Sebagai pendekatan yang menitikberatkan pada aspek
kekinian, yang menekankan konteks aktual dimana penafsir hidup; yang memiliki
dimensi pembebasan, dan kultural (Sugirtharajah); sebuah metode yang menantang
hegemoni Barat (Lozada); mengedepankan Alkitab sebagai yang memiliki otoritas
(Samartha), otoritas Alkitab yang mampu mendampingi dan menjawab
permasalahan-permasalahan dalam konteks (baca: realitas) penafsir, ini sangat
tepat untuk diperhadapkan dalam konteks Indonesia, Jawa secara khusus, termasuk
pergumulan gereja didalamnya. Mengutip Levison yang menghubungkan konteks
pembaca Alkitab dengan proses hermeneutik. Ia mengaitkan dengan realita utama
di Asia. Pertama, teologi Asia harus
mulai dari realita bangsa Asia; Alkitab berfungsi sebagai cermin kondisi
biografi sosial-masyarakat. Kedua,
beberapa teologi Asia mulai dengan realita sosial, misal perhatianya terhadap
kemiskinan, ekologi, seperti yang
dikembangkan dalam teologi minjung
Korea sebagai refleksi sosial. Ketiga,
memberikan perhatian kepada realita ekonomi[6]

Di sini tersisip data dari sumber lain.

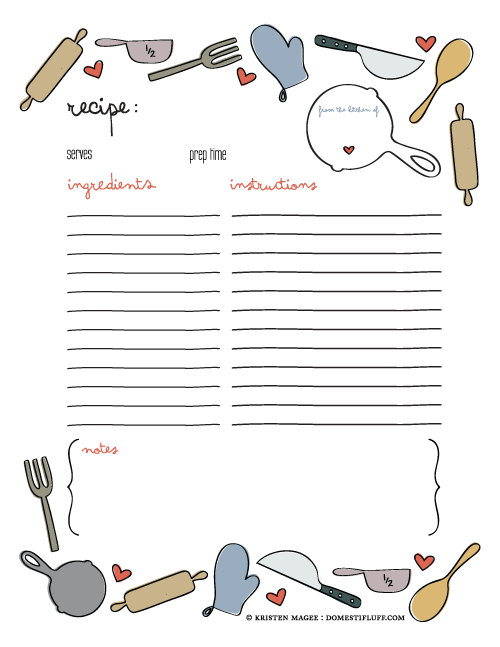 Joy Of Giving Free Printable Recipe Page Template Joy Of Giving Free Printable Recipe Page Template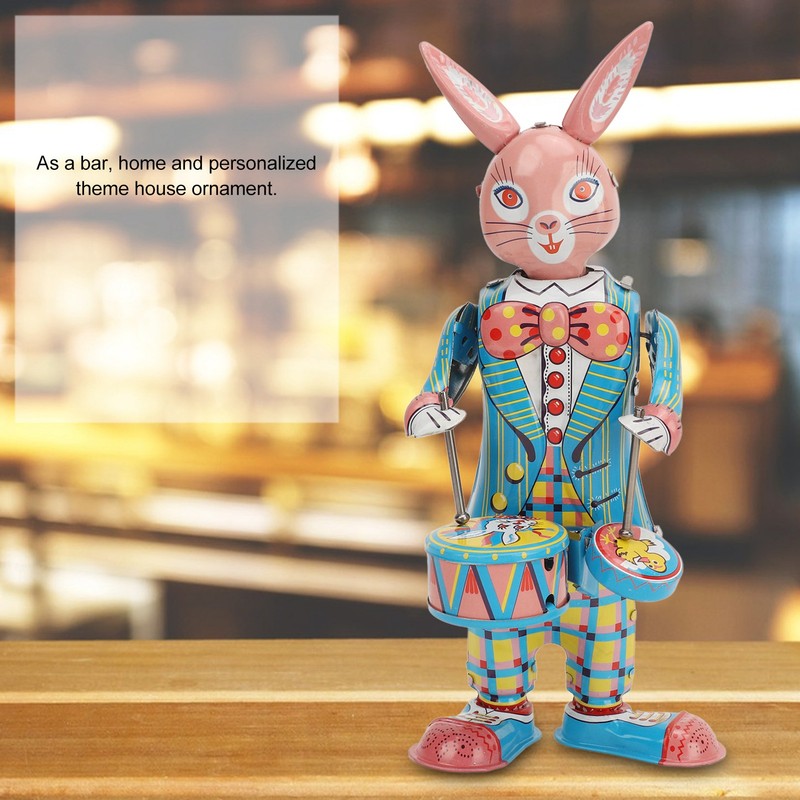 Rabbit Clockwork Toy Retro Metal Swinging Drumming Rabbit Wind Up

yang terjadi di Asia sampai hari ini.
Studi poskolonial yang memberikan perhatian kepada “form of ideology criticism, which considers
the socio-political context” dan pengebirian suara “yang lain” sebagai
strategi kolonial, juga dapat digunakan untuk menganalisa secara serius isu-isu
nasional seperti isu ras, jender, kelas sosial, suku, kewarganegaraan dan
konstruksi kekuasaan politik dalam
bingkai sosial dan geografi.
Dalam pengertian semacam ini, meminjam istilah Freire dalam pendidikan, studi
poskolonial membawa kesadaran diri manusia bahwa ia (pernah) berada dalam
jalinan kolonialisme dan (sekarang) masih terkolonialisasi (poskolonialisasi)
dengan gaya baru. Sadar bahwa dulu pernah menjadi bangsa jajahan oleh bangsa
Eropa dan sekarang sulit (menghindari kata tidak) menghindari hegemoni ekonomi
dunia (Barat). Poskolonial memberikan pengharapan baru, membebaskan setiap
manusia yang berada dalam ketertindasan. Menggugah semangat bahwa Barat tidak
akan ada artinya tanpa bangsa Timur. Barat memiliki arti karena keberadaan bangsa
Timur (Said). Dari sini dapat dikembangkan, Asia, negara bekas koloni Barat,
yang secara politis telah memperoleh kemerdekaan, harus betul-betul merasakan
kemerdekaannya, tidak hanya secara politis, tetapi juga kultural dan ekonomi.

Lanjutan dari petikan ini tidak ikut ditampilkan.